As this paper previously discussed the prevalence of active structural divides in Afghan society and the consolidation of ethnic and religious divides together have put the country through political instability and insecurity. It seems that until Afghanistan is divided on the basis of religion and ethnicity the country’s political insecurity remains integral and Afghans will not experience political stability.
There have been different interpretations of political stability; this paper’s take is that political stability comes with acceptance of the legitimacy of political sovereignty and transformation of political hostility and rivalry to civil campaigns within the formwork of a national government in which all people regardless of religion and ethnicity are accepted as equal citizens.
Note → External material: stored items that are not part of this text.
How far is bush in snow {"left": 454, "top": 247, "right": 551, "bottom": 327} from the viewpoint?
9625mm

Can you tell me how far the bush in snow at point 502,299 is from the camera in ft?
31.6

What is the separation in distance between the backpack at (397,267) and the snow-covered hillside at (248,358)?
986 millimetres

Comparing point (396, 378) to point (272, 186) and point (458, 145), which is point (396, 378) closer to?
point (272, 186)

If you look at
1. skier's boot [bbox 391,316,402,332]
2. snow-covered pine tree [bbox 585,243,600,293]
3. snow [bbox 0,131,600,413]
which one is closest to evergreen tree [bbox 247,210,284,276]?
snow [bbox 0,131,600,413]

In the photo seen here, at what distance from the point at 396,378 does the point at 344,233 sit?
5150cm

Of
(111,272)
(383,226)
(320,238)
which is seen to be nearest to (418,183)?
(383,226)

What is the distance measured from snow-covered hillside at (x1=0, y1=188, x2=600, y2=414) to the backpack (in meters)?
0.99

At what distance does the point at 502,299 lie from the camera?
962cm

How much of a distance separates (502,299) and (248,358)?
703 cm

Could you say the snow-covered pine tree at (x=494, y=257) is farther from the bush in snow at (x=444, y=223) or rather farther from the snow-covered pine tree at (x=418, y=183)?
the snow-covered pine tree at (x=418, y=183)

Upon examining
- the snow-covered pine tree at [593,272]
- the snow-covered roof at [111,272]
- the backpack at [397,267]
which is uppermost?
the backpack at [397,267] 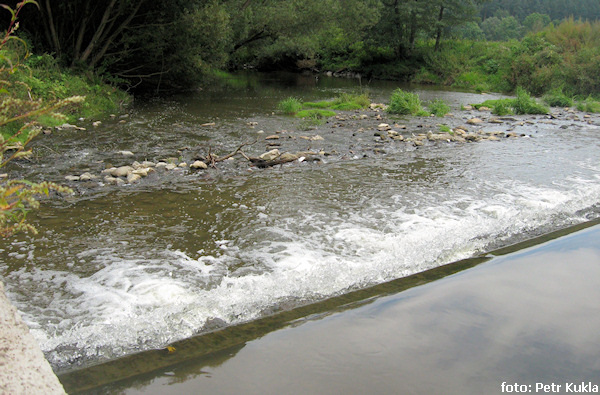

With this paper’s definition, so far Afghanistan has not been experiencing an ideal form or even the possibility of political stability. This is because in Afghanistan political actors and the political elite either assume themselves to be representatives of what they consider the superior race and ethnicity (the Pashtuns) or they perceive themselves to be custodian of a transcendental society and defenders of a very particular religious truth and as such worthy of being the leaders of the society (the Taliban). In fact, the interests of ethnic elites from various ethnic groups in Afghanistan are not merely limited to commercial exchanges; the ethnic elites have public and political interests including claims to the integrity and sovereignty of the governing body and claims to the identity of Afghan society.
The current government of Afghanistan that came to power after the U.S. intervention in 2001 is interested in security of society and orients towards achieving political stability. The new government tries to rely on the new constitution and declare itself as a supra-ethnic (beyond ethnocentrism) authority and a national government. However, this exposition and declaration has not been all effective. This strategy has proved to be working inadequately at least in Hmid Karzai’s government that has no choice but to attend to the traditional ethnic and tribal frameworks. In post-Taliban period, the Pashtuns have had greater share of politics compared to other ethnic groups. Pashtun currently dominate even in the arena of designating and defining a linguistic identity for Afghanistan which has always been Persian. Karzai had no choice but cooperate with some Pashtun groups when it came to choosing the official language of the country. These groups advocated a dual identity Persian-Pashto official language and ultimately they hope to advocate an only Pashto official linguistic identity for Afghanistan. An evident example of this strategy is the policy to create “national terms” which a Russian linguist initially proposed to the former king of Afghanistan Mohammed Daoud Khan (1909-1978). This linguistic project proposed that every new word be a combination of two Persian and Pashto languages and that many important names of cities and villages be changed to Pashto.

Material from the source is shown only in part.